Sie hätten Cobra am Tag des Finales sehen müssen, nach dem letzten Kampf. Als all die Menschen sie umringten und ihr gratulierten. Sie war so stolz. Sie stand da, viel größer als sonst. Und ihre Augen waren ganz dunkel, noch dunkler als sonst.
Hat Cobra schöne Augen?
Augen zum Verlieben! Cobras Augen sind schwarz, aber eben nicht einfach schwarz. Es ist ein tiefes, rundes Dunkel, viel wärmer als schwarz. Ihre Seele ist da drin. Ich schaue Cobra in die Augen und weiß sofort, wie es ihr geht. Wenn es ihr schlecht geht, hat sie Kummertränen.
Sie weint?
Wenn sie mal bei einem Kampf verliert, steht sie ganz starr, und die Tränen kommen raus. Ich rede dann mit ihr: Gutes Mädchen, das hast du gut gemacht, sei doch nicht traurig. Aber sie lässt sich kaum trösten.
Haben Sie heute schon mit Cobra geredet?
Ich rede mit all meinen Kühen. Sie antworten auch. Manche antworten so, dass ich ins Grübeln gerate. Cobra nicht, bei ihr verstehe ich immer, was sie mir sagen will. Sie ist meine absolute Lieblingskuh. Trotzdem, ich gebe mir Mühe, alle gleich zu behandeln. Die spüren genau, wenn ich eine bevorzuge. Das gibt nur Reibereien in der Gruppe.

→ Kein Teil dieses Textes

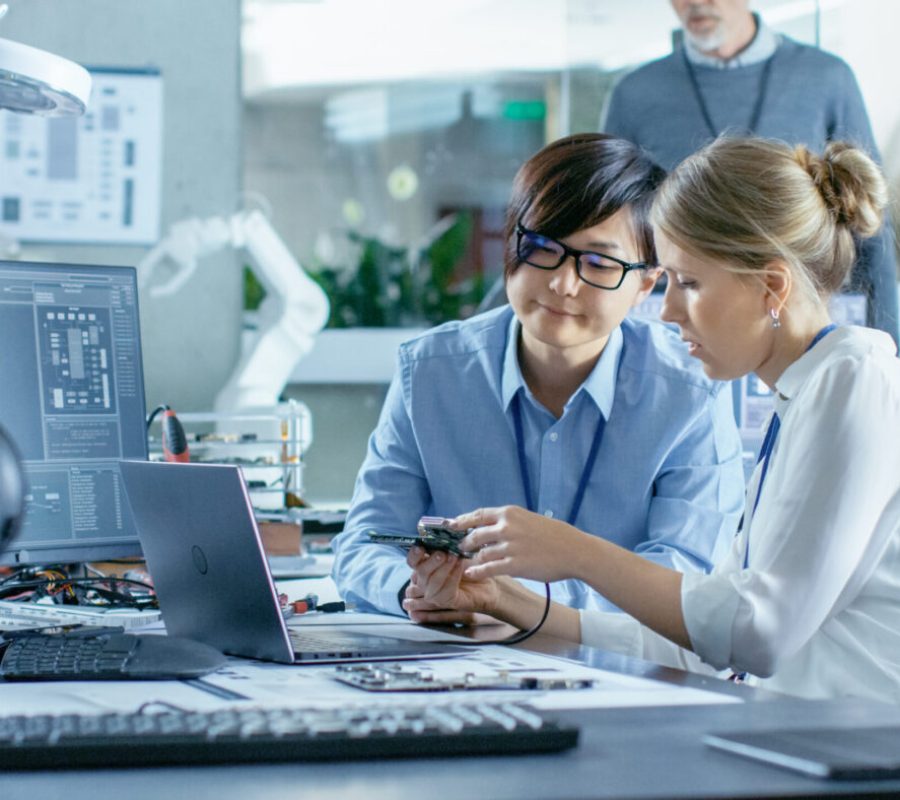 Asian Scientist Sitting at His Desk Consults Engineer They Conne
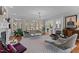 A stylish living room features hardwood floors, a fireplace, and a modern area rug at 763 Heritage Arbor Dr, Wake Forest, NC 27587
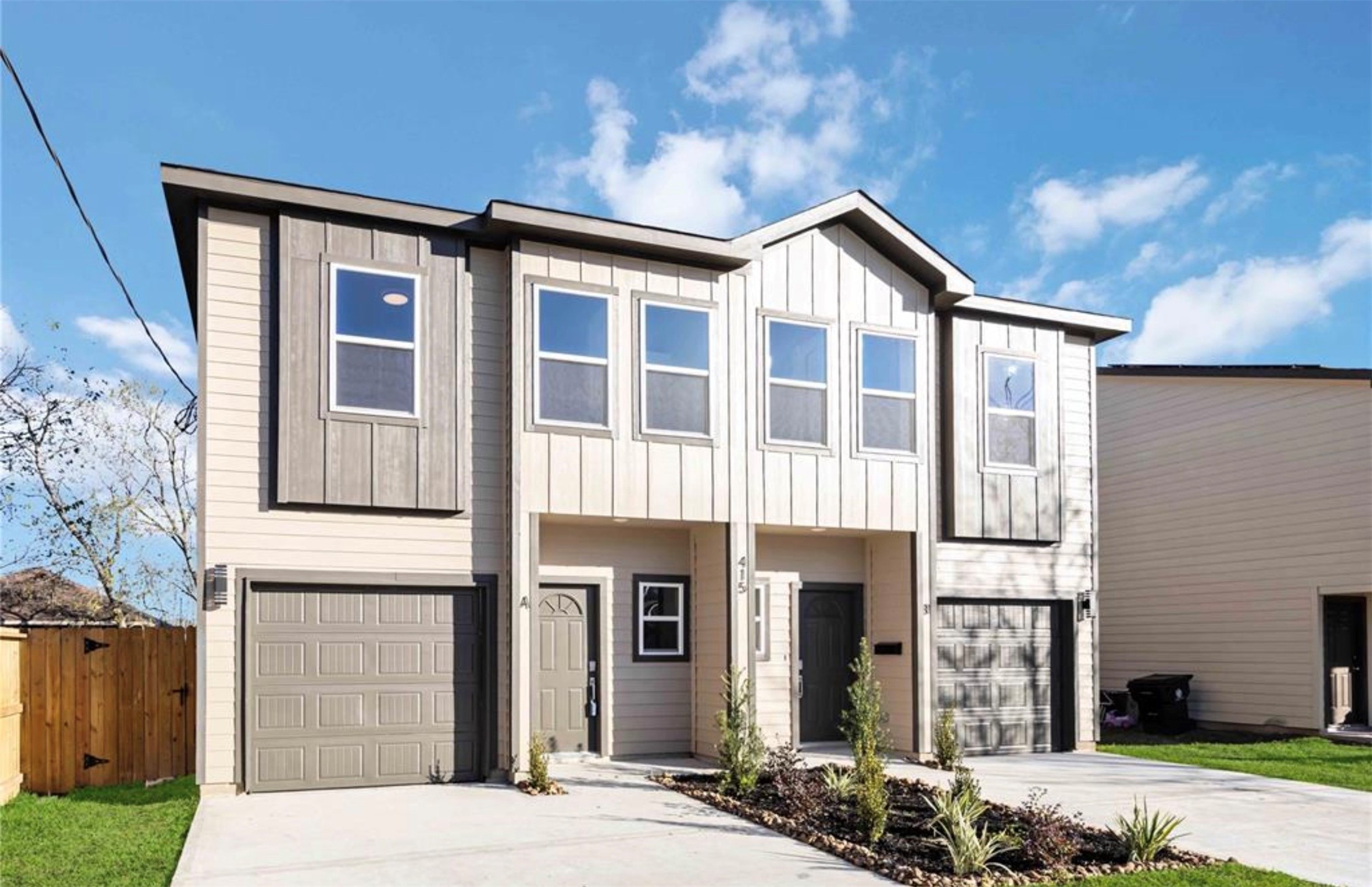 415 Gans Street, Unit AB Houston, TX 77029 - Photo 2 of 24 a front view of a house with a yard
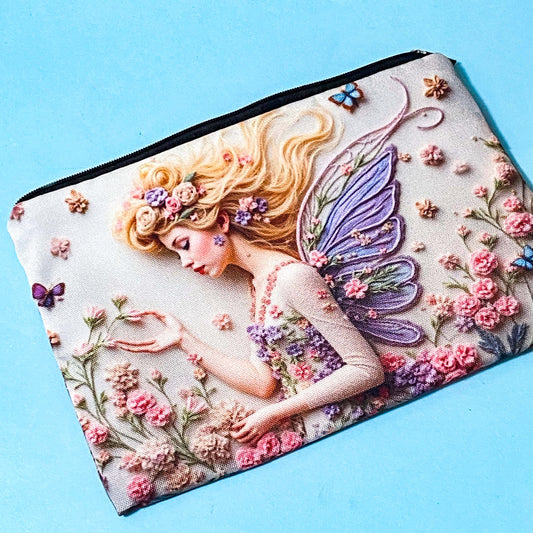 fairy garden canvas zip pouch with floral illustration and butterfly wings used as a pencil case on a blue background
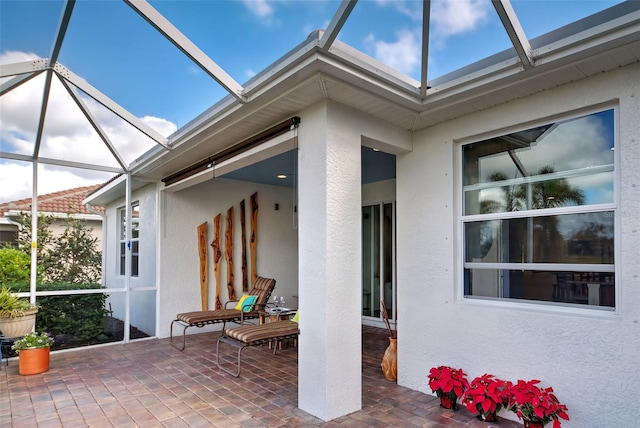 view of patio with glass enclosure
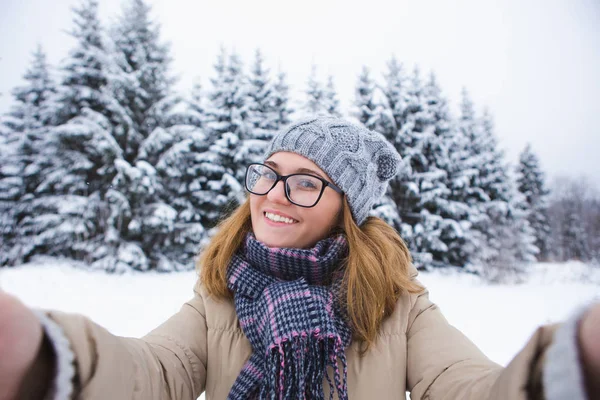 Giovane donna prende selfie su uno sfondo di foresta invernale innevata. — Foto Stock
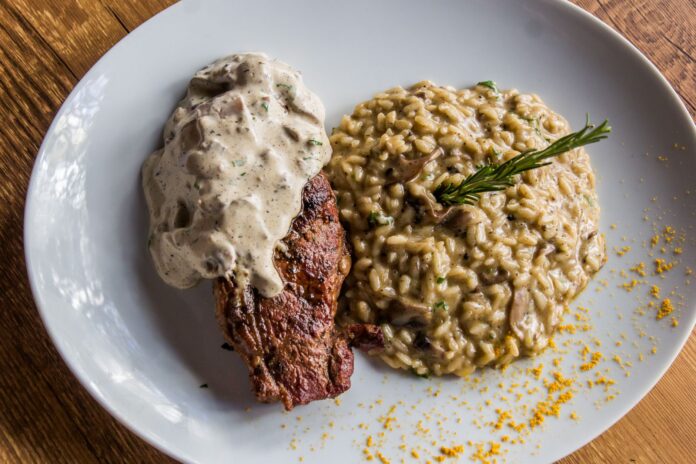 Stek z sosem podany z kremowym risotto grzybowym na talerzu Stek z sosem podany z kremowym risotto grzybowym na talerzu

Was hat Ihnen Cobra denn heute gesagt?
Nichts. Sie ist bis September in den Ferien. Ich habe sie bei einem befreundeten Bauern in Pension gegeben, damit sie sich von den Kämpfen erholt. Hier bei mir hätte sie keine Ruhe. Sie würde ständig mit den anderen Kühen um den Platz in der Herde kämpfen. Der Bauer, bei dem sie jetzt ist, besitzt eine Kuh, mit der sie sich gut versteht.
Fehlt sie Ihnen?
Sehr. Ich besuche sie, so oft ich kann. Sobald sie mich von weitem sieht, kommt sie im Galopp. Ich bringe ihr immer Brot mit. Auch dem Bauern habe ich gesagt: Gib ihr jeden Abend einen Kanten Brot, das mag sie. Am liebsten mag sie das harte Walliserbrot, das mit Roggenmehl.
Ehrlich gesagt habe ich mir eine Kampfkuh ganz anders vorgestellt.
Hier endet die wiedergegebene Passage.